From the line below containing "PLAYA LEVANTE céntrico" to the final line, print each line exactly as written. No pictures belong in the copy.

(Pictures with short captions)
* * *
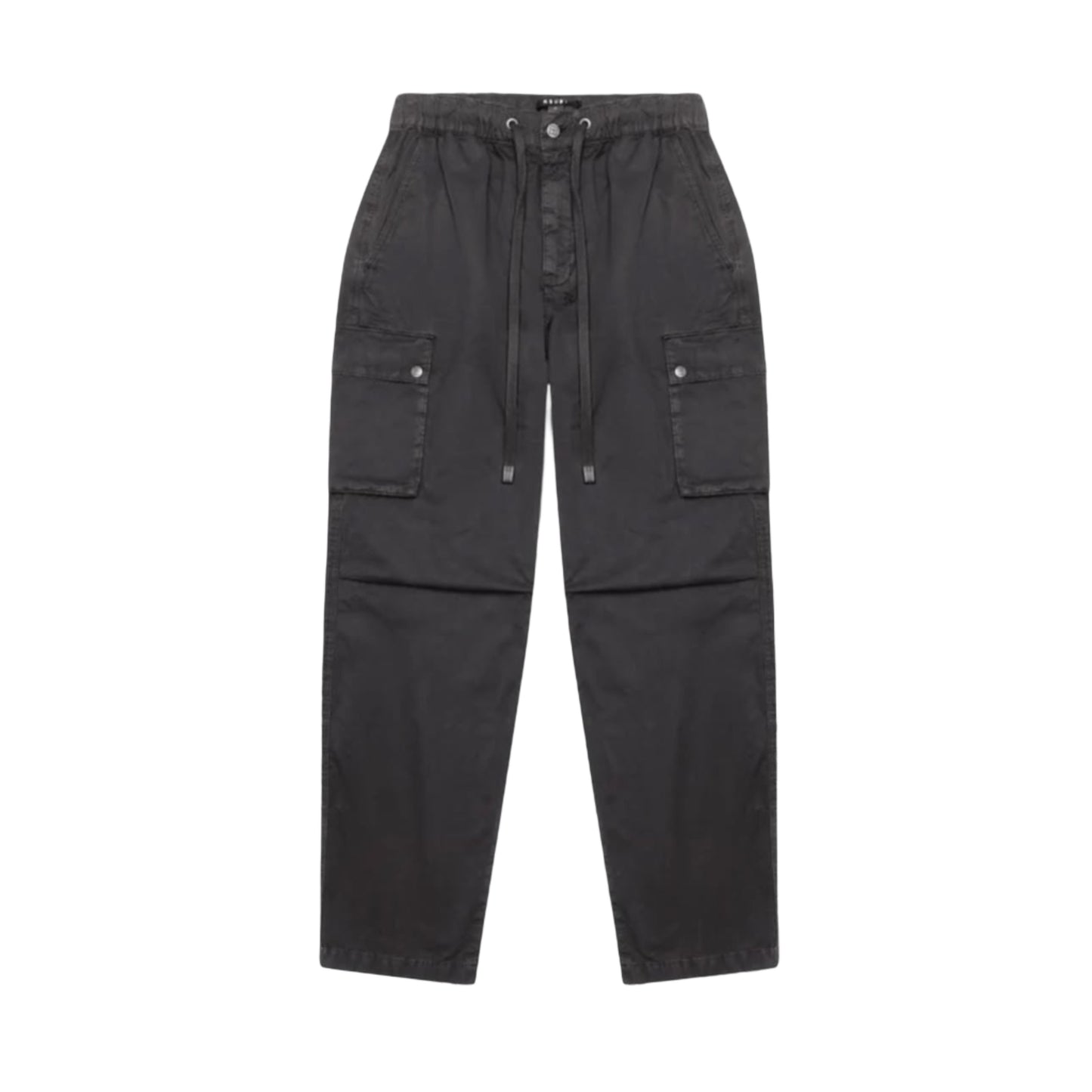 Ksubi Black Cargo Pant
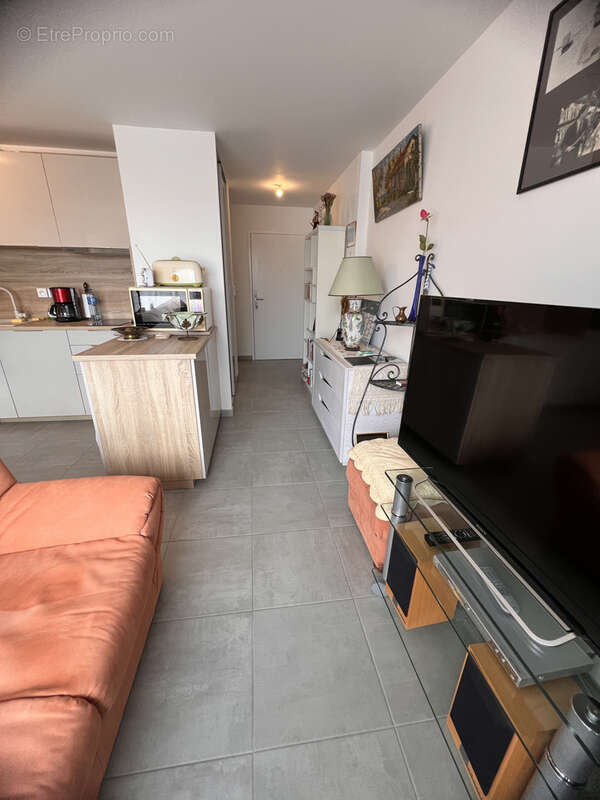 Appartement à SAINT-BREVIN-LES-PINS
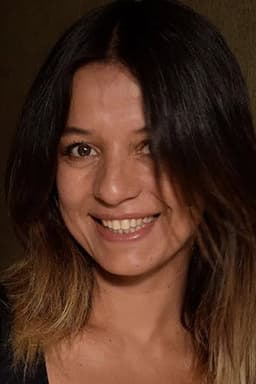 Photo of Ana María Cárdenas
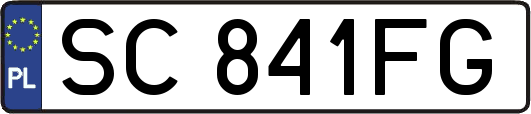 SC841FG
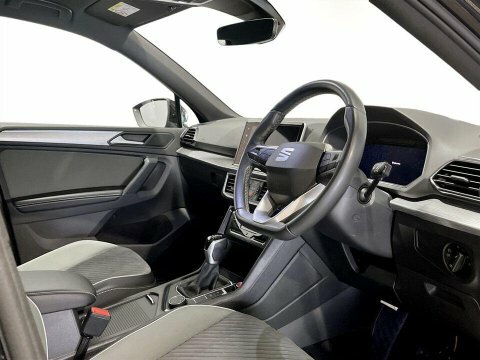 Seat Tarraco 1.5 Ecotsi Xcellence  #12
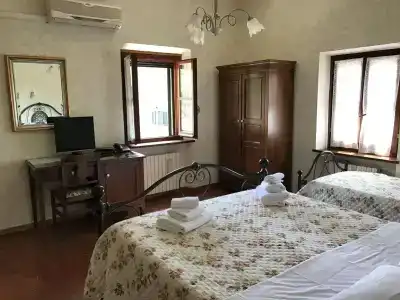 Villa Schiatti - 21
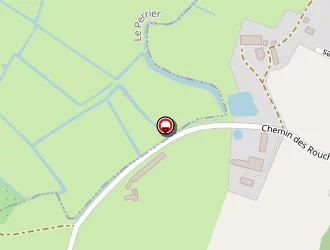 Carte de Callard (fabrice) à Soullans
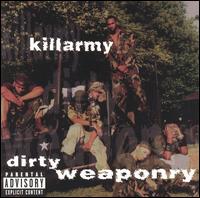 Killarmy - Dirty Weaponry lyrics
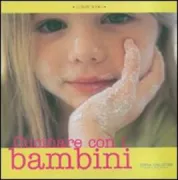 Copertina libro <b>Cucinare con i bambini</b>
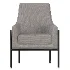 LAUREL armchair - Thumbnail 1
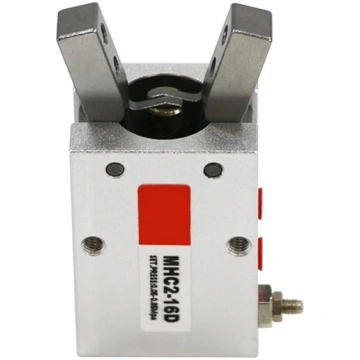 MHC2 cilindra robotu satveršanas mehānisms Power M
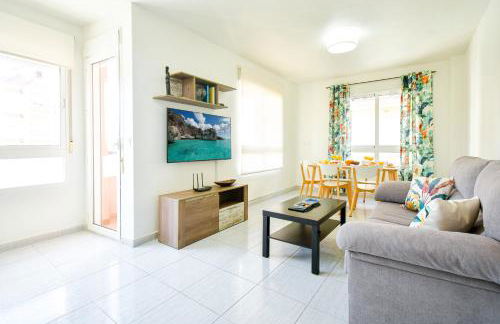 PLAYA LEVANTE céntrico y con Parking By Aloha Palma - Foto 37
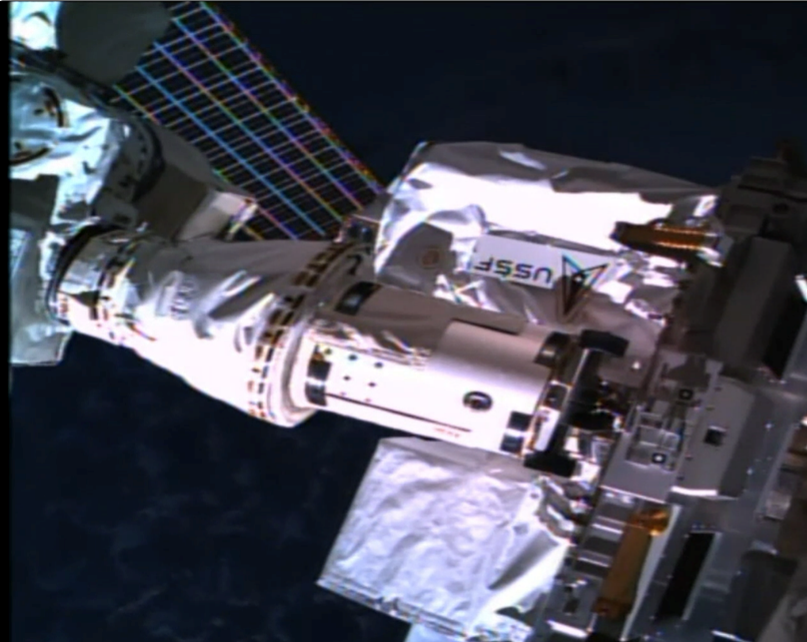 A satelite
* * *
RESPONSE TO THIS TASK:
 PLAYA LEVANTE céntrico y con Parking By Aloha Palma - Foto 37
 A satelite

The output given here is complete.